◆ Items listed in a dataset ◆
Segment Open

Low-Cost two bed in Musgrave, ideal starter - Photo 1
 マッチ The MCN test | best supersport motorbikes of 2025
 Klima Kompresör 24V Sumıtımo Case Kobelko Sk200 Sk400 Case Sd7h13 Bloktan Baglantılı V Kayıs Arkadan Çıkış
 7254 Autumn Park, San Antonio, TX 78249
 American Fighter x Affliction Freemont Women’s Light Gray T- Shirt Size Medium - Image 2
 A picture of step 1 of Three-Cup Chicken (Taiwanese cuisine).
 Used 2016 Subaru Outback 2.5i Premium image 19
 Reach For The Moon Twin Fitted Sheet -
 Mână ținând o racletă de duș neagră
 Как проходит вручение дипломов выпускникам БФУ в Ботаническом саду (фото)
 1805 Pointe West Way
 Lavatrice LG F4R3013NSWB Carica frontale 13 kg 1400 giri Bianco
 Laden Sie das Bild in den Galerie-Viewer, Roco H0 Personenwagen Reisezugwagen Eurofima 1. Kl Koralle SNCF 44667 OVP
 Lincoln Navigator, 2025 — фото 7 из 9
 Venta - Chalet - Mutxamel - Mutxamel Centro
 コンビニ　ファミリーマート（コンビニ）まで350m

Segment Closed

◆ Aim of the exercise ◆
Each line from the one containing "Laden Sie das" through the last line of the entries is to be copied exactly, with no other lines added.

◆ Exercise response ◆
 Laden Sie das Bild in den Galerie-Viewer, Roco H0 Personenwagen Reisezugwagen Eurofima 1. Kl Koralle SNCF 44667 OVP
 Lincoln Navigator, 2025 — фото 7 из 9
 Venta - Chalet - Mutxamel - Mutxamel Centro
 コンビニ　ファミリーマート（コンビニ）まで350m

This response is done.